Earlier this week, two of our staff (Ellen Cutter and Christa Spaht) were in Joplin, Missouri for a meeting with the Steering Committee of the seven-county Joplin Regional Prosperity Initiative. Even compared to other regional strategic processes that Market Street has facilitated over the years, the Joplin regional effort is an impressive undertaking. The region's seven communities span three states, which changes the dynamics dramatically from a one-state regional process. And then there is the fact that the population core of the region (Joplin and Duquesne) were dramatically and tragically impacted by a massive tornado just 11 months ago.
However, despite the challenges that may lie ahead, and in part, because of the challenges that have been overcome in less than a year, the leaders in this region are forging ahead with the work at hand. Since our first work in Joplin last June, our team has consistently been impressed by the region's optimism and the work ethic of business and political leaders as well as citizens called into leadership roles unexpectedly.
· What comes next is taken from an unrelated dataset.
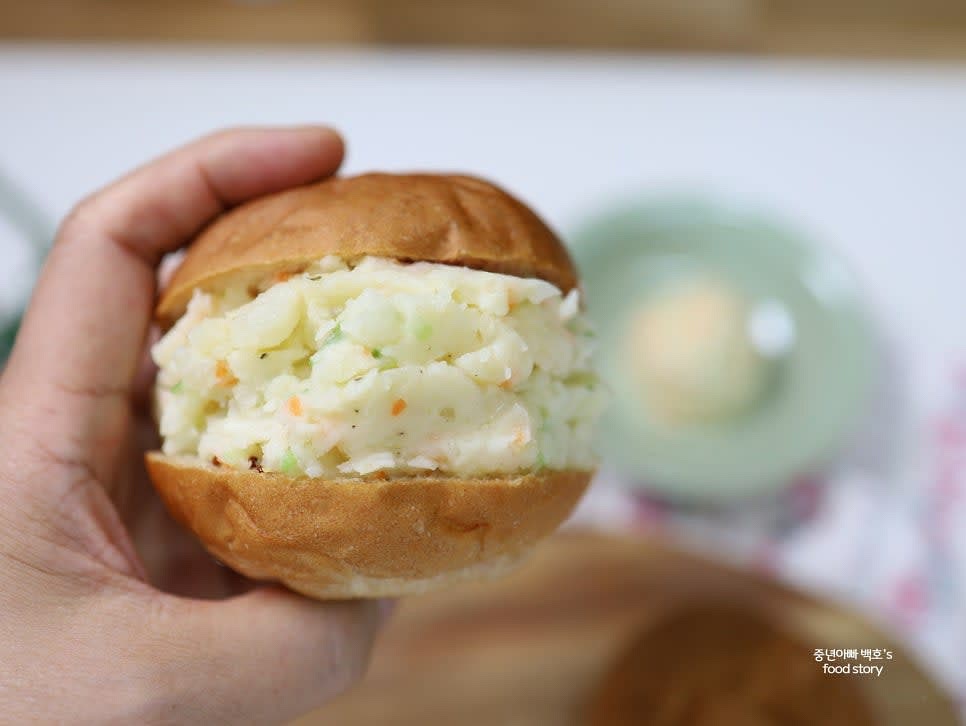 빵의 윗부분을 살짝 눌러 덮어 샌드위치를 완성합니다.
During the Initiative's meeting on Tuesday, Steering Committee members discussed the findings and implications of our team's assessment of their competitiveness. While there are opportunities for improvement, there were also some points that supported some observations recently shared in a Wall Street Journal online article, which highlighted the speed of the Joplin recovery and reflected on the possible factors that have fostered recovery. I should note here that I wasn't wild about the ease with which the authors drew contrasting opinions about Tuscaloosa, Alabama's progress, but concede the validity of several arguments made in the article.
A couple of highlights from the research included the fact that, despite the effects of the May 22 tornado, Joplin school enrollment did not decrease from 2010 to 2011, but increased by 1.69%. Two weeks ago, a $62 million Joplin Schools bond referendum–the largest bond issue in the City of Joplin’s history–passed. In addition, the region's strong sense of charitable giving, which has been observed often in the national press, pushed the region ahead of two of its three comparison communities in terms of per capita giving.
For all of the big picture statistics, there are dozens of individual stories as well. One of Joplin's small business owners who lost her building during the tornado jumped right back in again to rebuild, like many others. We met this woman during an interview session last July and upon our sharing of her story, a cupcake and lemonade stand fundraiser was held here in Atlanta, sponsored by a lovely child I know very well (my oldest daughter). While the funds raised were not enough to make a huge financial dent in the woman's needs, the gratitude and excitement she showed in return certainly made an impact on us. Ellen Cutter snapped this photo of the newly rebuilt Cupcakes by Liz business - it serves as an inspiring reminder of the Joplin regional community's dedication to proving that despite the physical and human losses, the spirit of the community never disappeared.